Ma negli specchi incrociati della comunicazione il casting generazionale in cui pesava l'assenza dei capelli grigi di Zanda e Grillo dai due lati del tavolo, sebbene entrambi giochino un ruolo nella partita attuale, porta a pensare che le differenze si annullano. Tra l'all in di Di Maio e l'hashtag #sorpresina di Renzi, le frasi di entrambi con lo stesso preambolo "chi ci sta guardando da casa", l'annuncio delle modifiche al testo sul sito PD (perché non su quelli di Camera, Senato o Governo? Perché la legge di tutti deve diventare la proposta PD dando il gancio al no a 5 stelle?) e la reprimenda sulla governabilità e la rappresentatività mixate al moralismo "noi non candidiamo indagati - noi votiamo per il loro arresto - voi avete le tessere", l'effetto era quello dell'intercambiabilità. O come diceva Berlusconi del "teatrino della politica". Con l'immagine sgranata, senza il conduttore del talk show, anche se non c'erano le poltroncine bianche e la sigla con il tema di "Via col vento" ognuno voleva avere l'ultima parola. Le affermazioni sugli squilibri dell'italicum, sul sindaco d'Italia, sulle funzioni diverse del Parlamento e del Consiglio comunale venivano usate solo per poter dire "un'ultima cosa", prolungando l'incontro solo per poter lasciare l'ultimo soundbite ai tg. Con i "prego parli lei, è stato gentilissimo, troviamo il punto di caduta,basta pizzini, mai più inciuci e larghe intese" per poi tornare ognuno sulle sue posizioni. Decise lontani dalle dirette streaming. In cui, come nelle elezioni della prima Repubblica, hanno vinto tutti. E tutti sono contenti. Così oggi Andrea Scanzi tuitta la foto in cui è sottobraccio a Alessandra Moretti.
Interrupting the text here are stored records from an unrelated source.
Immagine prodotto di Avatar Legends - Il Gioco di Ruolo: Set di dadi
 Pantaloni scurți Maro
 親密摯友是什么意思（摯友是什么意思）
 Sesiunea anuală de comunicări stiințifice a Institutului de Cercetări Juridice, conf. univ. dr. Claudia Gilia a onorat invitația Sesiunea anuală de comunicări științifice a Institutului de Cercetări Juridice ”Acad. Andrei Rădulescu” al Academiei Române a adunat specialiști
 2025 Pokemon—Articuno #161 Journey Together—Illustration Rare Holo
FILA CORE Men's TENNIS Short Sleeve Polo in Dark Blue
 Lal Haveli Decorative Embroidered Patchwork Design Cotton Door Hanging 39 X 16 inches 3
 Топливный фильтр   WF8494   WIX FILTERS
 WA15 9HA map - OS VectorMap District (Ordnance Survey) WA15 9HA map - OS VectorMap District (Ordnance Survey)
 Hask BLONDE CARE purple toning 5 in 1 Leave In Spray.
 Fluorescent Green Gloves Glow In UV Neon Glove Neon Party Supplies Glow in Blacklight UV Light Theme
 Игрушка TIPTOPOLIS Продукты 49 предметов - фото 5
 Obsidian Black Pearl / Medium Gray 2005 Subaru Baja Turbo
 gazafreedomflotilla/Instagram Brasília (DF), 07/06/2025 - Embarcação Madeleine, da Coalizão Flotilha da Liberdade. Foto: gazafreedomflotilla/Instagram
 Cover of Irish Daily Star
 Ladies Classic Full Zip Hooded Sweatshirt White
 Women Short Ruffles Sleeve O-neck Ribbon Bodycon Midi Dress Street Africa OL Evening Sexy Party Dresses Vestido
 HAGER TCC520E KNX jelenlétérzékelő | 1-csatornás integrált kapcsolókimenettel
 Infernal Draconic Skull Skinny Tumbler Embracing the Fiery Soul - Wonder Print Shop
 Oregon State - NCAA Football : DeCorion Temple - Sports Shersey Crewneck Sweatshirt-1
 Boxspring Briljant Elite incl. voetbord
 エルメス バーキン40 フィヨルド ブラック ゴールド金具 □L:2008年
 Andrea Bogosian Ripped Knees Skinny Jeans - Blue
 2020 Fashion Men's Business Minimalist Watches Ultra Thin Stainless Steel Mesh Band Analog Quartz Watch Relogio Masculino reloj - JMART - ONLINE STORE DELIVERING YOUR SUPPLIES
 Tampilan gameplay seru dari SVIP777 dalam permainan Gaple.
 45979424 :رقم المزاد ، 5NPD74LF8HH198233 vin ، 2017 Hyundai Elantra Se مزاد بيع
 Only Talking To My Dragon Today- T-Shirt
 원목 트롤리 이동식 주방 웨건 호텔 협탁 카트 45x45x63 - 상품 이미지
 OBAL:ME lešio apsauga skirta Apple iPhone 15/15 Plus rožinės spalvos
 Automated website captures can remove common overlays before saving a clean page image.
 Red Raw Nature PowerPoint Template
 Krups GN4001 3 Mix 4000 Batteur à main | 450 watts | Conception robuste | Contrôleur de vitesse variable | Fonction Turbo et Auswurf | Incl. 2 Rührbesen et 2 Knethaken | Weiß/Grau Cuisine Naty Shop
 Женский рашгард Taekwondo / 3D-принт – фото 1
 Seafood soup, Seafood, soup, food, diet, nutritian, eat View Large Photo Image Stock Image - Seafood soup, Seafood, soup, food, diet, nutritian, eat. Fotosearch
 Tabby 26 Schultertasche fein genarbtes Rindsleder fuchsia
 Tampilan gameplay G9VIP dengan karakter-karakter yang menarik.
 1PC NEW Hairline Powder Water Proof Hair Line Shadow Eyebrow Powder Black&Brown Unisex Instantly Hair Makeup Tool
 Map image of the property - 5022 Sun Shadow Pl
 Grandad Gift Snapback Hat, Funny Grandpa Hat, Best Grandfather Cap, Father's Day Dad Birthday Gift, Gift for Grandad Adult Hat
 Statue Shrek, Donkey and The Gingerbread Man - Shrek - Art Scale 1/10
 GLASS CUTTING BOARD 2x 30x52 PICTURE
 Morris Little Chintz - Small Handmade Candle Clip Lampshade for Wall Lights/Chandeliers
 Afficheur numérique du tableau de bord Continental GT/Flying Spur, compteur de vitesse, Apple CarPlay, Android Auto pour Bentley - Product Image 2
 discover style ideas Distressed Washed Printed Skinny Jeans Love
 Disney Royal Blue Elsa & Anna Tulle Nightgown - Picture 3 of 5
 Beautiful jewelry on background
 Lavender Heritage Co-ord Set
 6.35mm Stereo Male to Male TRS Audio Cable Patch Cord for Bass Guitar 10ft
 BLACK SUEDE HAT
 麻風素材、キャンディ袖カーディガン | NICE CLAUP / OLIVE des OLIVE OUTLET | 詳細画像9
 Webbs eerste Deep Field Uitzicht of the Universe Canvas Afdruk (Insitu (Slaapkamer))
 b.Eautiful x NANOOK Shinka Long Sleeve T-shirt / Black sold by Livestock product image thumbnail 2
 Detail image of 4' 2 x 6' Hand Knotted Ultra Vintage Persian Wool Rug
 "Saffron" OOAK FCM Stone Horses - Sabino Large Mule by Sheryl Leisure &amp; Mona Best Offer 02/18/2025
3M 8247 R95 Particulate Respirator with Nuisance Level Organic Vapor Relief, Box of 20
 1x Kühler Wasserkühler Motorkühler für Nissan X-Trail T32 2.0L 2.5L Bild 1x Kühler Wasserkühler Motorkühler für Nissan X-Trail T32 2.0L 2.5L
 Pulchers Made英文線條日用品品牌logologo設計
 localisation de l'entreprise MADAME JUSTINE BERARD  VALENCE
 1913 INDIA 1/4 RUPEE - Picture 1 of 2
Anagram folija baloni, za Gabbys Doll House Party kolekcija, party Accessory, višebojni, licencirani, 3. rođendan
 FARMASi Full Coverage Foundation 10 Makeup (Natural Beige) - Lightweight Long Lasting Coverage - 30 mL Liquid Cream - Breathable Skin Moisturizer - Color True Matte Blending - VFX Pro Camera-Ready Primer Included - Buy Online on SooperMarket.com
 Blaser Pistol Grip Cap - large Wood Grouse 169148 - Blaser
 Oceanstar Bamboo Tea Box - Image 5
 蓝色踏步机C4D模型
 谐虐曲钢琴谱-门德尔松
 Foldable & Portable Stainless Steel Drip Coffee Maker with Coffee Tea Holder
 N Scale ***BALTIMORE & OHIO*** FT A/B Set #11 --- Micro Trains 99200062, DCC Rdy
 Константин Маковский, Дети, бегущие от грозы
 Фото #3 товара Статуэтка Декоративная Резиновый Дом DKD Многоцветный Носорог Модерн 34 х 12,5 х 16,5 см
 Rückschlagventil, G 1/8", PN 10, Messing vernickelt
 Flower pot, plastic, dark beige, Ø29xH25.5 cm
Ps: Chi un mese fa dava M5S ormai per finito, oggi si pensa che il MoVimento si è fatto fregare? Se state pensando a una semplice replica dei due forni andreottiani non avete letto il dato delle europee come una certificazione della forza non scontata di Grillo e non considerate come ormai si è entrati nel tripolarismo, con M5S da oggi attore delle riforme quanto Forza Italia, come scrive acutamentePiero Ignazi su Repubblica.